* _EXERCISE INSTRUCTIONS_:
The entire listing that follows must be repeated exactly, pictures excluded.

* _PROVIDED INFORMATION_:
◆ ◆ ◆ ◆ ◆ ◆ ◆

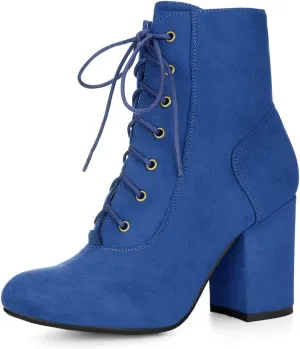 Allegra K Women's Lace Up Chunky Heel Ankle Booties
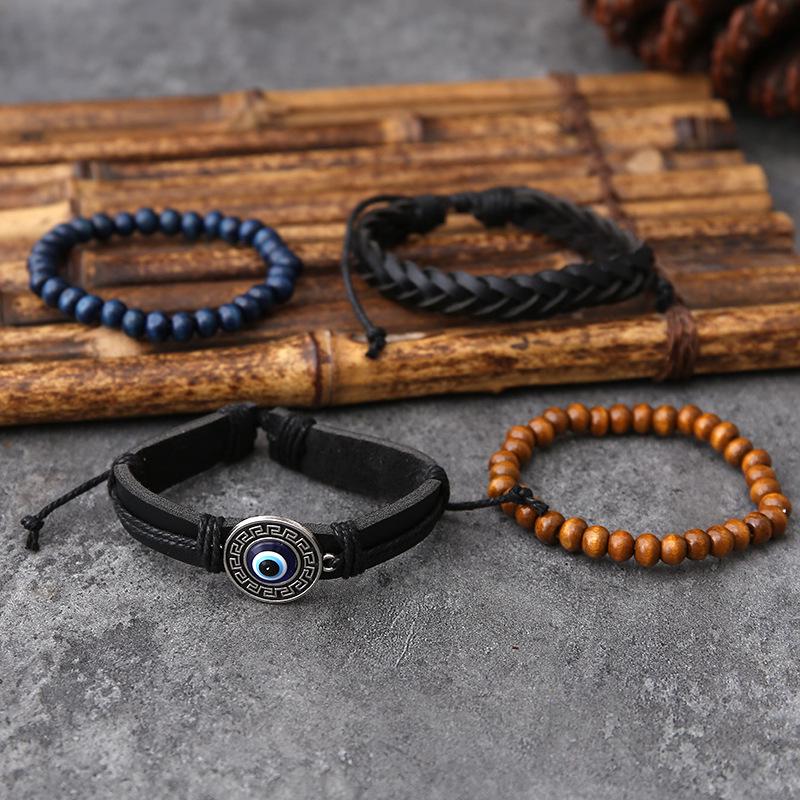 Vintage Pánská 4dílná sada náramků z hovězí kůže a konopného provazu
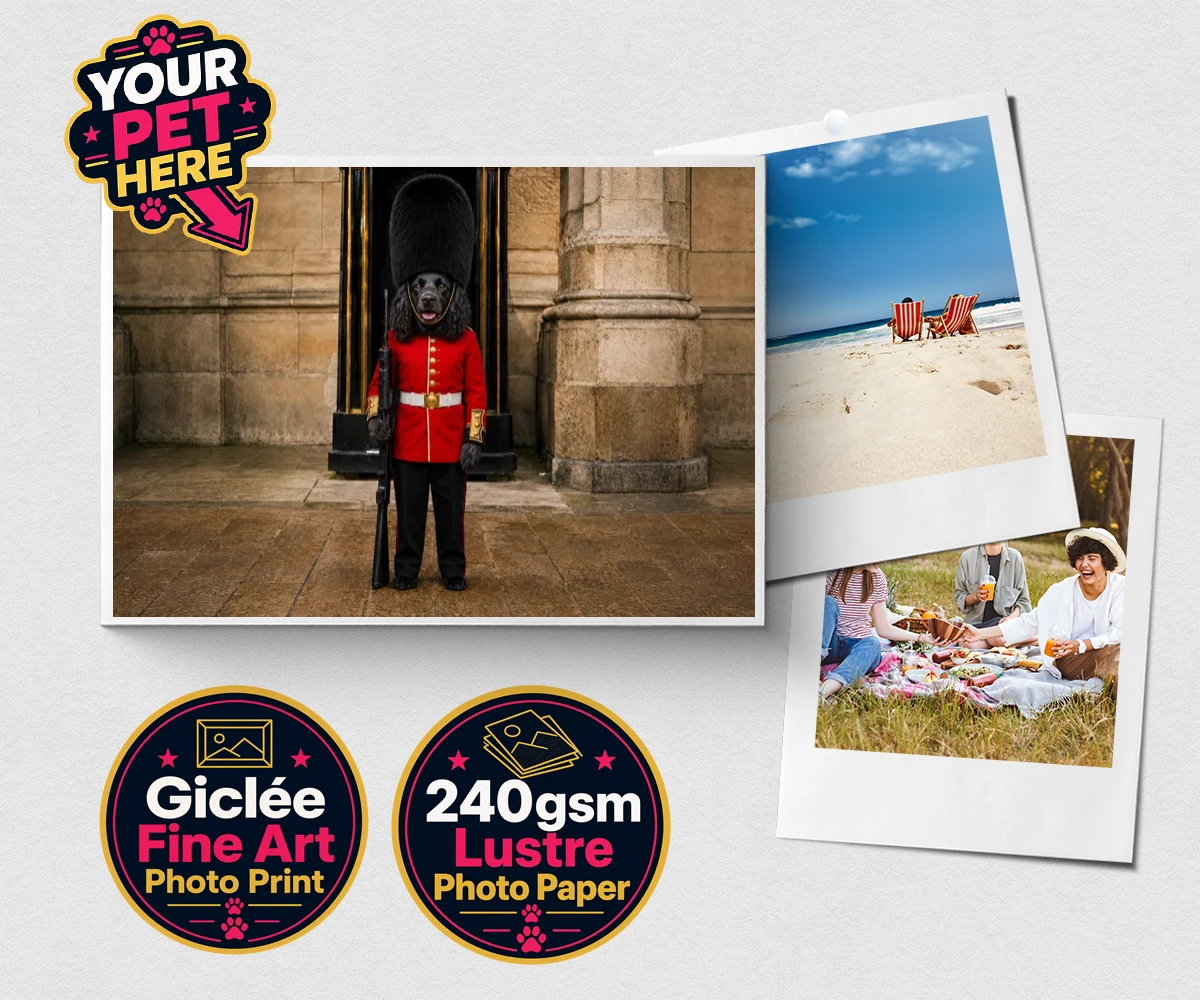 Personalised The Royal Paw Guard dog premium photo print featuring meet The Royal Paw Guard, a delightful portrait that perfectly capture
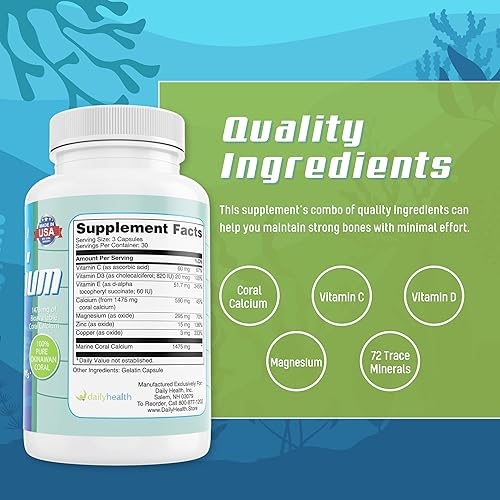 Miniatura 3 de Daily Health - Pure Okinawa Coral Calcio - Suplemento de grado marino con 72 minerales traza - 1475 mg, 270 cápsulas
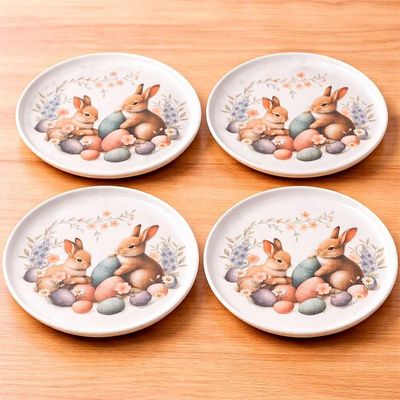 Jogo Pratos Sobremesa Páscoa Bio Doce Ninho Kit 12pçs 21,5cm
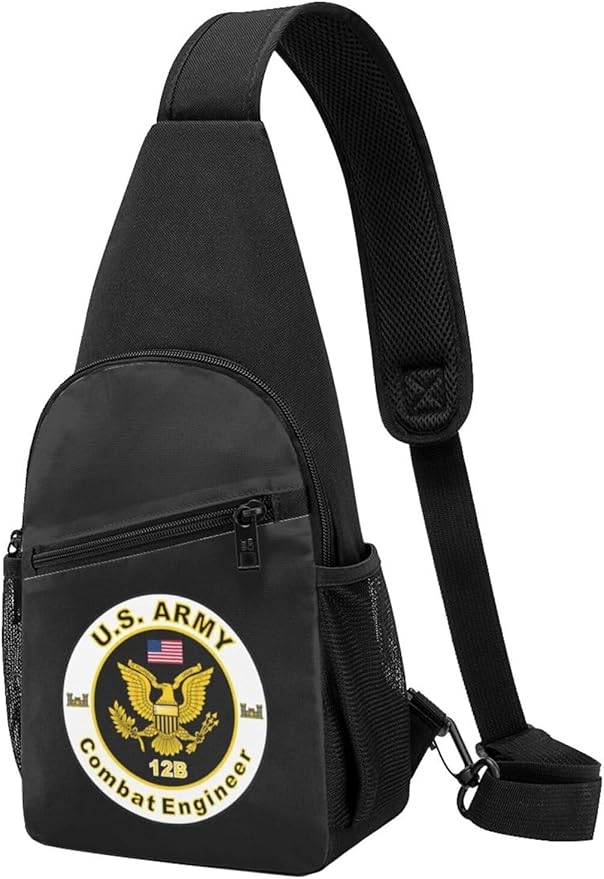 US Army MOS 12B Combat Engineer Chest Pack Leisure Shoulder Crossbody Chest Bag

◆ ◆ ◆ ◆ ◆ ◆ ◆

* _RESPONSE AREA_:
 Allegra K Women's Lace Up Chunky Heel Ankle Booties
 Vintage Pánská 4dílná sada náramků z hovězí kůže a konopného provazu
 Personalised The Royal Paw Guard dog premium photo print featuring meet The Royal Paw Guard, a delightful portrait that perfectly capture
 Miniatura 3 de Daily Health - Pure Okinawa Coral Calcio - Suplemento de grado marino con 72 minerales traza - 1475 mg, 270 cápsulas
 Jogo Pratos Sobremesa Páscoa Bio Doce Ninho Kit 12pçs 21,5cm
 US Army MOS 12B Combat Engineer Chest Pack Leisure Shoulder Crossbody Chest Bag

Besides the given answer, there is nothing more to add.